DATASET RECORDS:

□ □ □ □ □ □ □

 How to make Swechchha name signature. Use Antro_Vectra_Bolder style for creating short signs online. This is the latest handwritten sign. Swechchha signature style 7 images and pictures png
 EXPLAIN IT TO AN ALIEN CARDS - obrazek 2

□ □ □ □ □ □ □

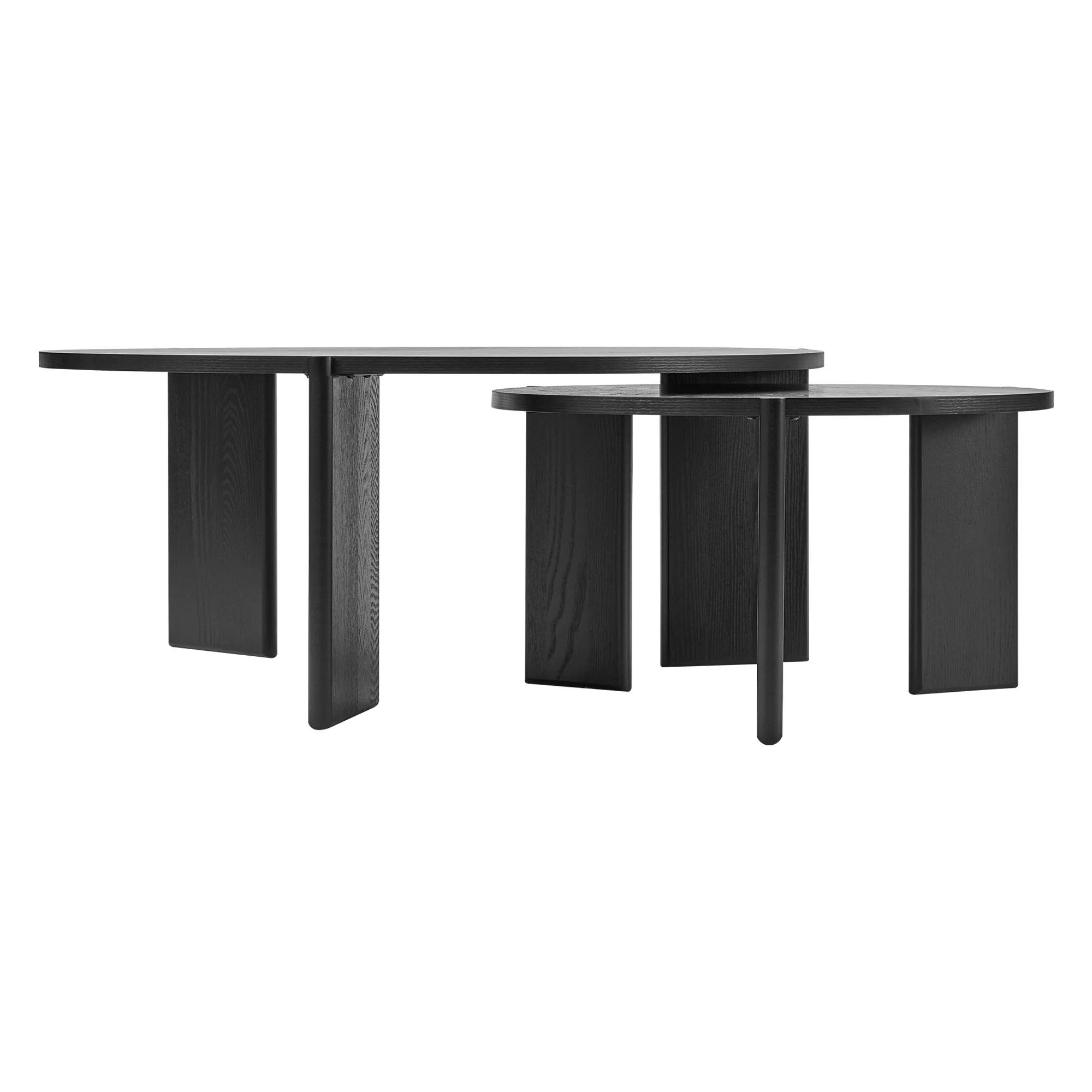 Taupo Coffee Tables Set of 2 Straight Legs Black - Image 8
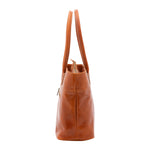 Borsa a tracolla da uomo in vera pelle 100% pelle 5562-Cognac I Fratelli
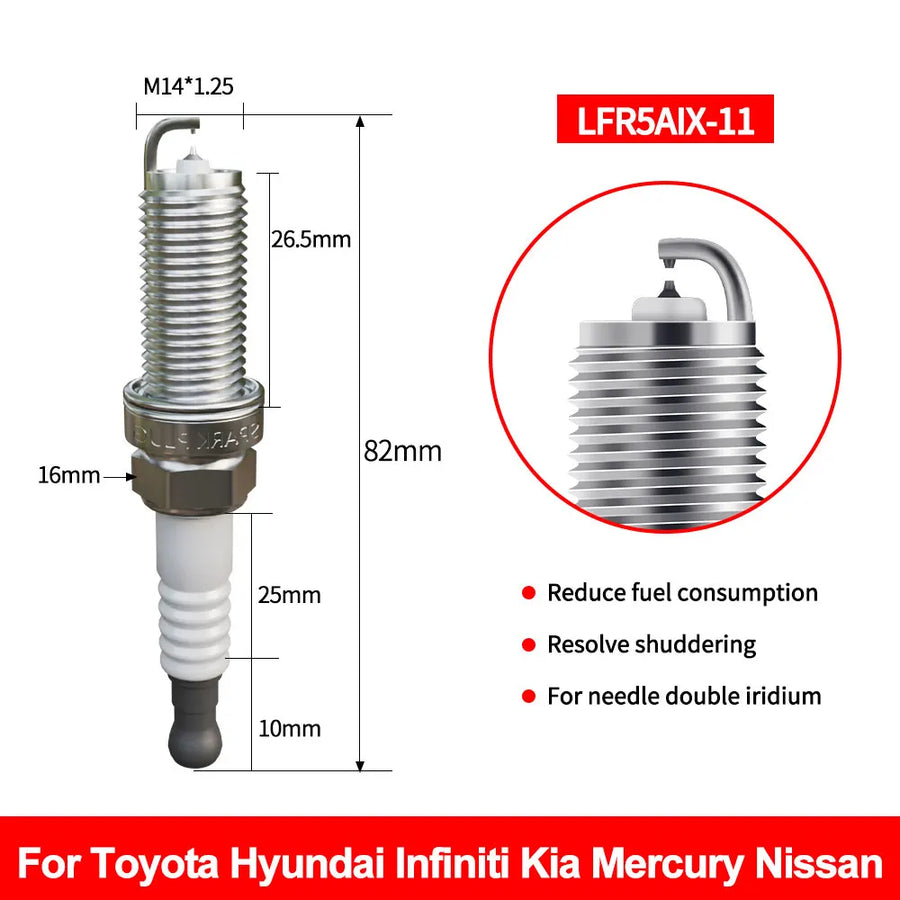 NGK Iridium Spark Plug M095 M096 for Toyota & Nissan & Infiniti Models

□ □ □ □ □ □ □

PROBLEM STATEMENT:
With the pictures omitted, copy the entries above exactly from the line containing "Borsa a tracolla" through the line containing "NGK Iridium Spark", both lines included.

RESPONSE TO THIS EXERCISE:
 Borsa a tracolla da uomo in vera pelle 100% pelle 5562-Cognac I Fratelli
 NGK Iridium Spark Plug M095 M096 for Toyota & Nissan & Infiniti Models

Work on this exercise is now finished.